Processing Model: The Fan-out Worker is a consumer that:
Fetches all follower_ids for the author_id from the Social Service.
Updates each follower's feed:{user_id} list in Redis.
Scalability: For "Celebrities", the worker skips the push and the Feed Service "Pulls" their photos at read-time (Hybrid approach).
Wrap Up

Advanced Topics

Trade-offs: We choose Eventual Consistency for the feed. A user might not see their friend's post for 1-2 seconds, but this allows the system to remain highly responsive and handle write spikes.
Bottleneck Analysis: The "Celebrity" problem is the main risk. If a user with 10M followers posts, the Fan-out worker could overwhelm Redis. Mitigation: Use a threshold (e.g., >50k followers = Pull Model).

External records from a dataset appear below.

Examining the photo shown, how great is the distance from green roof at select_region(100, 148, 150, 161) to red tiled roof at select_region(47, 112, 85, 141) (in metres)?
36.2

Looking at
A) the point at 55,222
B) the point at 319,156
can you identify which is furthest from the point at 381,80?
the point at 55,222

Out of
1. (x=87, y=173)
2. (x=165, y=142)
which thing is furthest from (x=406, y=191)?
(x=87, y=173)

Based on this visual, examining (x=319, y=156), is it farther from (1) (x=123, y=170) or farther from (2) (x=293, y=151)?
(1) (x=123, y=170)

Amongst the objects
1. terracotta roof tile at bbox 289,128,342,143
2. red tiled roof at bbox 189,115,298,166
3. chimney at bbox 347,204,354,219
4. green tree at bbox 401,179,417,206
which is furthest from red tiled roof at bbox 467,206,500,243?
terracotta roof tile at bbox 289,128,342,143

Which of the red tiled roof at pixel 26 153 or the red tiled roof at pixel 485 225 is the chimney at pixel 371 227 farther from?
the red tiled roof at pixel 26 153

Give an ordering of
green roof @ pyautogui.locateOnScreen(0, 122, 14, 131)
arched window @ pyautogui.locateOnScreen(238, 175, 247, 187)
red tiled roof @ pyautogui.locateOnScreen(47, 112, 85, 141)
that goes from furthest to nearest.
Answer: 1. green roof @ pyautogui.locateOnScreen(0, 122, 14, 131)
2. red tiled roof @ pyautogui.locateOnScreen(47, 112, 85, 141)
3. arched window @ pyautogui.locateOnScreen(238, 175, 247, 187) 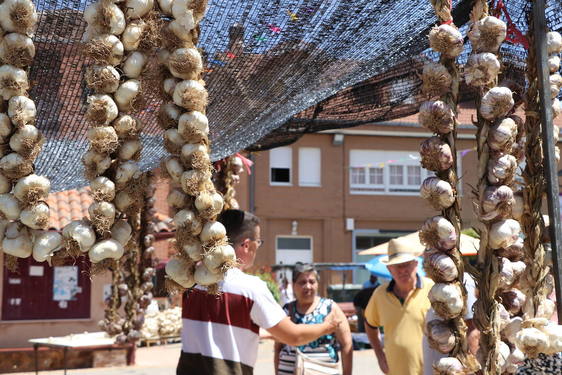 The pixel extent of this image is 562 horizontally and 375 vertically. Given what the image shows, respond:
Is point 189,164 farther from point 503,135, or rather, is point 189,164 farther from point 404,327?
point 404,327

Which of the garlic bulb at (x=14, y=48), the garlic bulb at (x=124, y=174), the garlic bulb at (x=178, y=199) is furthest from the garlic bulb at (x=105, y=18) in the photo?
the garlic bulb at (x=178, y=199)

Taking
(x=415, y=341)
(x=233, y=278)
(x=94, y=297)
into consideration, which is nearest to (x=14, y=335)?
(x=94, y=297)

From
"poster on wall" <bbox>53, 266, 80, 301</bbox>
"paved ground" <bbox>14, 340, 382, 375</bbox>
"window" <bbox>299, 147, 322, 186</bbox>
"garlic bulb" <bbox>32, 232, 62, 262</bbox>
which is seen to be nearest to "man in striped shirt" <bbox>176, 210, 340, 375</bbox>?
"garlic bulb" <bbox>32, 232, 62, 262</bbox>

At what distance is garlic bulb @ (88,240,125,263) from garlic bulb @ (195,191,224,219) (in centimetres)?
29

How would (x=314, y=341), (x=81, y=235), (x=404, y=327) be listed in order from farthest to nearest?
(x=314, y=341) < (x=404, y=327) < (x=81, y=235)

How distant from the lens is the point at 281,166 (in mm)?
25281

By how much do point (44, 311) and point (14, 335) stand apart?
0.69 meters

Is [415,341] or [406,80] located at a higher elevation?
[406,80]

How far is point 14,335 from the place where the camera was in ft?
41.2

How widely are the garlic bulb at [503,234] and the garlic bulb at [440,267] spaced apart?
0.17m

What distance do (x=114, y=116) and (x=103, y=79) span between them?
122 millimetres

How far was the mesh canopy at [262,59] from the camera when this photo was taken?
10.1 feet

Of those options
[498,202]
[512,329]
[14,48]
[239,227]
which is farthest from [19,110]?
[512,329]

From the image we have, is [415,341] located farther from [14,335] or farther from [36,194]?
[14,335] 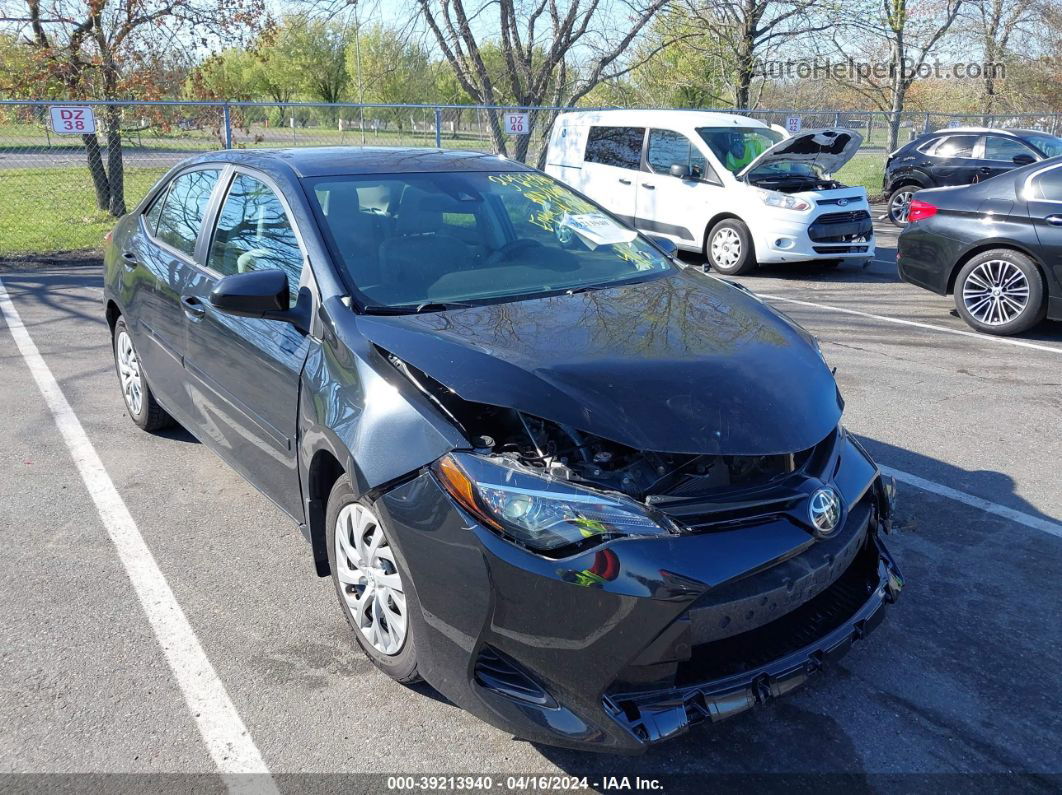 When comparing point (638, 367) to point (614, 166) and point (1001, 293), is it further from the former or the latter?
point (614, 166)

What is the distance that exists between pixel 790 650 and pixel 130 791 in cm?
195

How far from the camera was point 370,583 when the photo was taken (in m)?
2.95

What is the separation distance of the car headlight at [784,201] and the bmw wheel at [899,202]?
5985 millimetres

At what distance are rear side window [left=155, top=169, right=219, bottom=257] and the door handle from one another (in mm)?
273

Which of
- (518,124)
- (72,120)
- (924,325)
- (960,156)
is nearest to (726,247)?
(924,325)

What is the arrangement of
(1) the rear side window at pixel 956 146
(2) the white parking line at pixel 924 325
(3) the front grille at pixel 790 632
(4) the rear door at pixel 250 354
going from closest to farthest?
1. (3) the front grille at pixel 790 632
2. (4) the rear door at pixel 250 354
3. (2) the white parking line at pixel 924 325
4. (1) the rear side window at pixel 956 146

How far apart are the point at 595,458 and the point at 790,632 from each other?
2.54ft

Security & Privacy: All photo URLs in S3 are private. The Media Service generates Presigned URLs with a short expiry (e.g., 1 hour) when the feed is requested, ensuring photos cannot be scraped easily.
Distinguishing Insights: For a truly "simple" MVP, one could argue for a "Pull" model (SQL JOIN at read time) to avoid Redis entirely. However, even at 1M DAU, the JOIN performance on a large Follows table degrades quickly, making the Redis "Push" model a more staff-level scalable recommendation.